U.S. Geological Survey, Lower Mississippi-Gulf Water Science Center, Oxford, Mississippi, USA.
United States Department of Agriculture-Agricultural Research Service, National Sedimentation Laboratory, Oxford, Mississippi, USA.
Glob Chang Biol. 2023 Oct;29(19):5615-5633. doi: 10.1111/gcb.16905. Epub 2023 Aug 7.

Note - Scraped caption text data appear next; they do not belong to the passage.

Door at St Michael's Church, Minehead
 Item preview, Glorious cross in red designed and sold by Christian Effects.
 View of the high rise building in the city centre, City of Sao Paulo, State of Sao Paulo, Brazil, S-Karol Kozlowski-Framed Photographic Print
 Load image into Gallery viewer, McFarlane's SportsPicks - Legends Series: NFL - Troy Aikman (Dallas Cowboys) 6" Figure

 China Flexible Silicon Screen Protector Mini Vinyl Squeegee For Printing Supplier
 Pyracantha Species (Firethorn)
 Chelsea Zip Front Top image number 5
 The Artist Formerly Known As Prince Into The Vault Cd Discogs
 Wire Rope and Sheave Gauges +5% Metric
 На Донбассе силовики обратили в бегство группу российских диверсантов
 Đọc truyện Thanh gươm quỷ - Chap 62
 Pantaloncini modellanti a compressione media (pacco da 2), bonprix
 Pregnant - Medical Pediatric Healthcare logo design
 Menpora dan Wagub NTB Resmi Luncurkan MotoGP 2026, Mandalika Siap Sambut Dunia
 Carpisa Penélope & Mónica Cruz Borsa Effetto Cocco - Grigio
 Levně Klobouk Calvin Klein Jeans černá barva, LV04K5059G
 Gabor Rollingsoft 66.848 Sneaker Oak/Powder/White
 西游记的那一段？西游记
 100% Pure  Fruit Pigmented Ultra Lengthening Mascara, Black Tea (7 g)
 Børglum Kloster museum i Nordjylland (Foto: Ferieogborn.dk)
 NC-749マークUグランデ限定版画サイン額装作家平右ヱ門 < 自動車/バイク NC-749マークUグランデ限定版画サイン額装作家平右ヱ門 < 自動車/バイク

Agriculture is the most dominant land use globally and is projected to increase in the future to support a growing human population but also threatens ecosystem structure and services. Bacteria mediate numerous biogeochemical pathways within ecosystems. Therefore, identifying linkages between stressors associated with agricultural land use and responses of bacterial diversity is an important step in understanding and improving resource management. Here, we use the Mississippi Alluvial Plain (MAP) ecoregion, a highly modified agroecosystem, as a case study to better understand agriculturally associated drivers of stream bacterial diversity and assembly mechanisms. In the MAP, we found that planktonic bacterial communities were strongly influenced by salinity. Tolerant taxa increased with increasing ion concentrations, likely driving homogenous selection which accounted for ~90% of assembly processes. Sediment bacterial phylogenetic diversity increased with increasing agricultural land use and was influenced by sediment particle size, with assembly mechanisms shifting from homogenous to variable selection as differences in median particle size increased. Within individual streams, sediment heterogeneity was correlated with bacterial diversity and a subsidy-stress relationship along the particle size gradient was observed. Planktonic and sediment communities within the same stream also diverged as sediment particle size decreased. Nutrients including carbon, nitrogen, and phosphorus, which tend to be elevated in agroecosystems, were also associated with detectable shifts in bacterial community structure. Collectively, our results establish that two understudied variables, salinity and sediment texture, are the primary drivers of bacterial diversity within the studied agroecosystem, whereas nutrients are secondary drivers. Although numerous macrobiological communities respond negatively, we observed increasing bacterial diversity in response to agricultural stressors including salinization and sedimentation. Elevated taxonomic and phylogenetic bacterial diversity likely increases the probability of detecting community responses to stressors. Thus, bacteria community responses may be more reliable for establishing water quality goals within highly modified agroecosystems that have experienced shifting baselines.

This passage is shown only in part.